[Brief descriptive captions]
● ● ● ● ●

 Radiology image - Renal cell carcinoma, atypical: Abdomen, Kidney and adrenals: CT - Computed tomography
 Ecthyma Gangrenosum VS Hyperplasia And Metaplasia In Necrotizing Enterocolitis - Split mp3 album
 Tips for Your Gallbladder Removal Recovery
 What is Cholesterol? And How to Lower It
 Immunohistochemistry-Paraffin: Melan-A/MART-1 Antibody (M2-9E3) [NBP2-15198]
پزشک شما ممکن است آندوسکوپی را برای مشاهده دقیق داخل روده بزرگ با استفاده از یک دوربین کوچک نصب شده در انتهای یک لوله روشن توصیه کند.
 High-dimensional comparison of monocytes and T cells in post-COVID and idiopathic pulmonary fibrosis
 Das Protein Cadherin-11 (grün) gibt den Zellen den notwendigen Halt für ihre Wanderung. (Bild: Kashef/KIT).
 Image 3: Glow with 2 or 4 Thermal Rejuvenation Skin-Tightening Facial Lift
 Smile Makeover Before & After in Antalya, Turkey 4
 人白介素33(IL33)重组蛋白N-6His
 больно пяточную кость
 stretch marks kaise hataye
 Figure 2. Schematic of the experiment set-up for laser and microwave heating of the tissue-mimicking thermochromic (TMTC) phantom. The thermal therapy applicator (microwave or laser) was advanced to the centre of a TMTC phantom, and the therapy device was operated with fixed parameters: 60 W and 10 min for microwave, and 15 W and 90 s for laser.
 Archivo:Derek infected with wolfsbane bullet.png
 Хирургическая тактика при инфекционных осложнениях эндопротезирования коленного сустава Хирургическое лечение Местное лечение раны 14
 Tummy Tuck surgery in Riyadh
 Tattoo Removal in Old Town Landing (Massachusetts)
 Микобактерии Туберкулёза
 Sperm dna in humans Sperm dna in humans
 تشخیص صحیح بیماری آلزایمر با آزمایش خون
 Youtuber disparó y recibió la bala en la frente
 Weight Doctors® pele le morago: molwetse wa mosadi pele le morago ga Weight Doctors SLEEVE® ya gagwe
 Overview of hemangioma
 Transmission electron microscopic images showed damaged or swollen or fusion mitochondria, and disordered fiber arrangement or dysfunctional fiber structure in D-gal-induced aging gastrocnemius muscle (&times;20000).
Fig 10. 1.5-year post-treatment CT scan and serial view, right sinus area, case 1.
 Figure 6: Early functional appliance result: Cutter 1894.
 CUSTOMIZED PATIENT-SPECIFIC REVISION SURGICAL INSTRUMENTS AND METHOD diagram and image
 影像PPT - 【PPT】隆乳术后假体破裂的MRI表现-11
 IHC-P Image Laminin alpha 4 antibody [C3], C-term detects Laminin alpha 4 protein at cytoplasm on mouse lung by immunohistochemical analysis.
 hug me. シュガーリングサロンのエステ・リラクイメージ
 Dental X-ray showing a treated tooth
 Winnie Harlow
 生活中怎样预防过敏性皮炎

● ● ● ● ●

**The problem:**
Collect the lines of the data that carry the word "with".

**Answer for this exercise:**
 Image 3: Glow with 2 or 4 Thermal Rejuvenation Skin-Tightening Facial Lift
 Figure 2. Schematic of the experiment set-up for laser and microwave heating of the tissue-mimicking thermochromic (TMTC) phantom. The thermal therapy applicator (microwave or laser) was advanced to the centre of a TMTC phantom, and the therapy device was operated with fixed parameters: 60 W and 10 min for microwave, and 15 W and 90 s for laser.
 Archivo:Derek infected with wolfsbane bullet.png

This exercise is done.